This is of neglible use here, but it allows new RPC methods to take outputs as their first argument and make inputs optional.
PR description:
> walletcreatefundedpsbt has some interesting features that sendtoaddress and sendmany don't have:
>
> - manual coin selection
> - outputting a PSBT
> - create a transaction without adding to wallet (which leads to broadcasting, unless -walletbroadcast=0)
>
>At the same time walletcreatefundedpsbt can't broadcast a transaction, which is inconvenient for simple use cases.
>
> This PR introduces a new send RPC method which creates a PSBT, signs it if possible and adds it to the wallet by default.

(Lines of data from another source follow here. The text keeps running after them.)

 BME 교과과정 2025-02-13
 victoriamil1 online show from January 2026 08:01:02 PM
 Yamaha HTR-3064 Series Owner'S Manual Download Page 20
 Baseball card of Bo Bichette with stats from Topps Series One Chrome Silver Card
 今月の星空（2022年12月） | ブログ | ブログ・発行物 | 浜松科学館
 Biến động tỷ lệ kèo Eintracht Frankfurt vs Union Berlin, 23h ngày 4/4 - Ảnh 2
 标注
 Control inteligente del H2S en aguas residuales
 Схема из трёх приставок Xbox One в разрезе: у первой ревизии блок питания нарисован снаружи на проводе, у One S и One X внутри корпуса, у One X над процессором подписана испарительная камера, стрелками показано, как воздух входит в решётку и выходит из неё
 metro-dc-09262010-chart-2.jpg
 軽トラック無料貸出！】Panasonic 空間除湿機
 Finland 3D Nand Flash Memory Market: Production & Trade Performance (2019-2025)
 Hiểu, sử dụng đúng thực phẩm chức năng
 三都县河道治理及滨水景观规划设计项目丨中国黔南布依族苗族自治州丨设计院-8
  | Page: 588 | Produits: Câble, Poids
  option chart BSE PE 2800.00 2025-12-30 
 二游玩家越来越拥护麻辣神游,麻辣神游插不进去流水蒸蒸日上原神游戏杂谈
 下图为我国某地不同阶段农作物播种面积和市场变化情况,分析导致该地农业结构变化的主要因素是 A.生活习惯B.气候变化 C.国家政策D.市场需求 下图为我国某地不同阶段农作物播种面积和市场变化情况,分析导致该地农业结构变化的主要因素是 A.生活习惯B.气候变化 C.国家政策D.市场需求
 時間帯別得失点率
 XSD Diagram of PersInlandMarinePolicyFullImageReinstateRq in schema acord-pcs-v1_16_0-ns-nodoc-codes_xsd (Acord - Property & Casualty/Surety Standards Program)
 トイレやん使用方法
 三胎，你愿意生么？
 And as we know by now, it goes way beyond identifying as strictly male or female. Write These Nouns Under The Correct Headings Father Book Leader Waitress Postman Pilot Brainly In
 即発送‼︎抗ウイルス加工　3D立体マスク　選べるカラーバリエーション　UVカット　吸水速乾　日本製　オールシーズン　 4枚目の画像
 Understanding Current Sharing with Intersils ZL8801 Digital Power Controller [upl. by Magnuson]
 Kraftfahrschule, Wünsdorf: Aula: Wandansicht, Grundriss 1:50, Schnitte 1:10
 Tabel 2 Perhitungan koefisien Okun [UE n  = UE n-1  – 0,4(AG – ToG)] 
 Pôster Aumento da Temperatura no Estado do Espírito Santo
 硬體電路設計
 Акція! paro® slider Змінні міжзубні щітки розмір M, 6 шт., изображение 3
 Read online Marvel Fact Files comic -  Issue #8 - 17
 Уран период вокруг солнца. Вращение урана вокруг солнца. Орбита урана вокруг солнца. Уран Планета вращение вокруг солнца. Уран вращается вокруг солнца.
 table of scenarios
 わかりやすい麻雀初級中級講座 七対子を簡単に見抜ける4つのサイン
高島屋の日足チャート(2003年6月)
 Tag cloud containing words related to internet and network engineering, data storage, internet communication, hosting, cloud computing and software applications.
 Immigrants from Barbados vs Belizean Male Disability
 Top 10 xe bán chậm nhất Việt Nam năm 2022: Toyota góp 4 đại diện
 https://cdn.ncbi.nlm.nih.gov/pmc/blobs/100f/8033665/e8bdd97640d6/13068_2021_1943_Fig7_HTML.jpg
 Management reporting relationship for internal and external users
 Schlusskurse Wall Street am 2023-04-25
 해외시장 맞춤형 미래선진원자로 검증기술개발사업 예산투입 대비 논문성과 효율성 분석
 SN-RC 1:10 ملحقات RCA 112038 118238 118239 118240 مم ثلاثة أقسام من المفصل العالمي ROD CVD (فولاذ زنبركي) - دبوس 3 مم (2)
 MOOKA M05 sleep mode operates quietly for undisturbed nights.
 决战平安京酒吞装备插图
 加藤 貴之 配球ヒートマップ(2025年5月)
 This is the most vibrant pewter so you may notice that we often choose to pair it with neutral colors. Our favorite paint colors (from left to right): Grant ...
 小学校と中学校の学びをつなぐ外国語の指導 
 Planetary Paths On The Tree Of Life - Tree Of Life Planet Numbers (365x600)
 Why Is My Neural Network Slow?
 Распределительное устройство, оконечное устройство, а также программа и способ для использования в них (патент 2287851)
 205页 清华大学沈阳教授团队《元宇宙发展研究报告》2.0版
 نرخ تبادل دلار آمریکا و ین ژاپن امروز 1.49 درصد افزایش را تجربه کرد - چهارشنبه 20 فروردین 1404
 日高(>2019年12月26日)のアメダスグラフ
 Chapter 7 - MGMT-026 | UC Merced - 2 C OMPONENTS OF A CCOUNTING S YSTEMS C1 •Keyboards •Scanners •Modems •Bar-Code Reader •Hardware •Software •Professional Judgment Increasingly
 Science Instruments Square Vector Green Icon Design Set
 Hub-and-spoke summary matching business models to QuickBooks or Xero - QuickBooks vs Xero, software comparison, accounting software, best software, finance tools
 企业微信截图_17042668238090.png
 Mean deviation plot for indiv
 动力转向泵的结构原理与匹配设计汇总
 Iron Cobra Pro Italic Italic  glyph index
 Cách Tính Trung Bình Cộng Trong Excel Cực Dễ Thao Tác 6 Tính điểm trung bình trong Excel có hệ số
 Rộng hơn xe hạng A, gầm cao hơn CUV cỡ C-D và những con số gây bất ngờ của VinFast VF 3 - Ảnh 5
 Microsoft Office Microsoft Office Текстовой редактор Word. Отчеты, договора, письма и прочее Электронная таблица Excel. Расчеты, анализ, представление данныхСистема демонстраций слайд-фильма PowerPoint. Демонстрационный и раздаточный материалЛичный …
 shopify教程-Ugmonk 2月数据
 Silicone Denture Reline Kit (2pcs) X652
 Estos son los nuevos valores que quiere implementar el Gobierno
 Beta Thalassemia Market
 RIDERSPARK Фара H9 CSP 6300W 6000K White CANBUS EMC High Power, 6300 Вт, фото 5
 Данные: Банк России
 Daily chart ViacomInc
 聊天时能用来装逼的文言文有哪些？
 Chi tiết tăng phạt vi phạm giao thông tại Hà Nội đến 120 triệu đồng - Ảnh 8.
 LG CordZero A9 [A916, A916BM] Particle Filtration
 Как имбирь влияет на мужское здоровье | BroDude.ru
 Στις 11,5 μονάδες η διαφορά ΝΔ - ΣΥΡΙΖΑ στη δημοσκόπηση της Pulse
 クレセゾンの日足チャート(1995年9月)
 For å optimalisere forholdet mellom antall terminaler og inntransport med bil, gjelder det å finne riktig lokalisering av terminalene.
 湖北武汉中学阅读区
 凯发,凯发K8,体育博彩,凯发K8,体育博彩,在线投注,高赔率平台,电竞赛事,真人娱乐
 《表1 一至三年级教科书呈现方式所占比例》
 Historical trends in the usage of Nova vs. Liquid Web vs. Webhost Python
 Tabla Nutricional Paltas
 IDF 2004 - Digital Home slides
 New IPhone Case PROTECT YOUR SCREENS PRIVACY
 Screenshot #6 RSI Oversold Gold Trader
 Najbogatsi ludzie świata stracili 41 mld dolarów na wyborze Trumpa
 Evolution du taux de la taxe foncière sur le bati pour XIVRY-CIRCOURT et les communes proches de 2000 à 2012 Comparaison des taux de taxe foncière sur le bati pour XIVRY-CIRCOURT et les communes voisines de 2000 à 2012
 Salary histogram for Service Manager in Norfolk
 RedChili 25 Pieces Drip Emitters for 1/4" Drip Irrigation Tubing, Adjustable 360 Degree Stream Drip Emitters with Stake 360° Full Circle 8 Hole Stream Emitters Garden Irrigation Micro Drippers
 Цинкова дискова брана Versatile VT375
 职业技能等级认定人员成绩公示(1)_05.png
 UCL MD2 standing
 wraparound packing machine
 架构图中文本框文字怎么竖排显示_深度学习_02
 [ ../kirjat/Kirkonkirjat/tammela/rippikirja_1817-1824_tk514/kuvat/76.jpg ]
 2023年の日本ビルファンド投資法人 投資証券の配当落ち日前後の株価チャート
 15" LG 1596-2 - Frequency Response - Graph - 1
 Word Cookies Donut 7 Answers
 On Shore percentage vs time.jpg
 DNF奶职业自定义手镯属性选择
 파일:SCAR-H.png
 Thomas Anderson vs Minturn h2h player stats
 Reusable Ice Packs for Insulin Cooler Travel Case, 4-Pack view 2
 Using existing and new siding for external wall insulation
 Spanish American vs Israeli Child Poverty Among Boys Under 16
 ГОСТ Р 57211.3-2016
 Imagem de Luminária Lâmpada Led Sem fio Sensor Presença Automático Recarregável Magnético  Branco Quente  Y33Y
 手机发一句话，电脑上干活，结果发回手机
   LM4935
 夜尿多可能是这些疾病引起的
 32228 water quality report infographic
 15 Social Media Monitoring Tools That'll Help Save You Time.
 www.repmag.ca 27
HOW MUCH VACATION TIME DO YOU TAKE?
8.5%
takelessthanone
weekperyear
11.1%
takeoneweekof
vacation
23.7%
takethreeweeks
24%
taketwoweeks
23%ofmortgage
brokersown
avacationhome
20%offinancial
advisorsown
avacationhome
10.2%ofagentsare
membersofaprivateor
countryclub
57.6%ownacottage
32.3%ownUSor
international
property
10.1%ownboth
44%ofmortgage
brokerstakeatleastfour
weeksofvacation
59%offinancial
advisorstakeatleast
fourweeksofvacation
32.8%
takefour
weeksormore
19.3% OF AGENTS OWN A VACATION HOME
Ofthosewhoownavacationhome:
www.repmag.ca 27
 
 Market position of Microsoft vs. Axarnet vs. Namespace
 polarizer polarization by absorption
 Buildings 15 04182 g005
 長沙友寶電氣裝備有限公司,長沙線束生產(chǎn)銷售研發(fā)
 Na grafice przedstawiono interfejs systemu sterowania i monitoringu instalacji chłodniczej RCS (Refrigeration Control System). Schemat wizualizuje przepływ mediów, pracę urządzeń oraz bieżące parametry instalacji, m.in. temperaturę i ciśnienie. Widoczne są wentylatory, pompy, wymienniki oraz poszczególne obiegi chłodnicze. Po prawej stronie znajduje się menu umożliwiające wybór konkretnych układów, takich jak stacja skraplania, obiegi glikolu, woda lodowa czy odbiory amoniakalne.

If it can't sign all inputs, it outputs a PSBT. If add_to_wallet is set to false it will return the transaction in both PSBT and hex format.
>
> Because it uses a PSBT internally, it will much easier to add hardware wallet support to this method (see #16546).
>
> For bitcoin-cli users, it tries to keep the simplest use case easy to use:
>
> `bitcoin-cli -regtest send '{"ADDRESS": 0.1}' 1 sat/b`
>
> This paves the way for deprecating sendtoaddress and sendmany though there's no rush. The only missing feature compared to these older methods is adding labels to a destination address.